Aim To identify degenerative knee abnormalities using MRI and radiography 6 years after knee trauma, their relation with persistent knee symptoms and baseline prognostic factors.
Methods Adults (18–65 years) with incident traumatic knee symptoms visiting their general practitioner were followed up for 6 years and underwent baseline MRI and 6-year follow-up MRI and radiography. Logistic regression was used to analyse associations between various degenerative abnormalities on 6-year MRI and radiography, persistent knee symptoms and baseline prognostic factors for knee osteoarthritis (OA) on 6-year MRI.

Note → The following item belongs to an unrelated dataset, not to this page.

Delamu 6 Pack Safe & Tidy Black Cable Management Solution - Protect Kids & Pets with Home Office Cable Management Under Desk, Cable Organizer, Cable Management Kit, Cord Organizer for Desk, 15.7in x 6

Results On 6-year radiography, 60% of patients showed no OA, 28% showed OA with Kellgren&Lawrence (K&L) grade 1 and 13% showed with K&L grade 2. On 6-year MRI, 55% of patients showed cartilage defect(s), 45% showed osteophyte(s), 36% showed subchondral cyst(s), 40% showed bone marrow oedema, 21% showed meniscal subluxation, 83% showed meniscal degeneration,11% showed effusion and 11% showed a Baker's cyst. Of these, most were significantly related with 6-year radiographic K&L grade, while only lateral cartilage defect(s), medial osteophyte(s) and medial meniscal subluxation were significantly related with persistent knee symptoms. 32% of patients showed new onset or progressive knee OA on 6-year MRI, for which age, history of non-traumatic knee symptoms and bone marrow oedema at baseline were independent prognostic factors.
Conclusions Degenerative knee abnormalities on MRI are related to the K&L score; however, not all abnormalities are reflected in clinical outcome. Age, history of non-traumatic knee symptoms and bone marrow oedema predict knee OA 6 years after knee trauma, present in 32% of the patients.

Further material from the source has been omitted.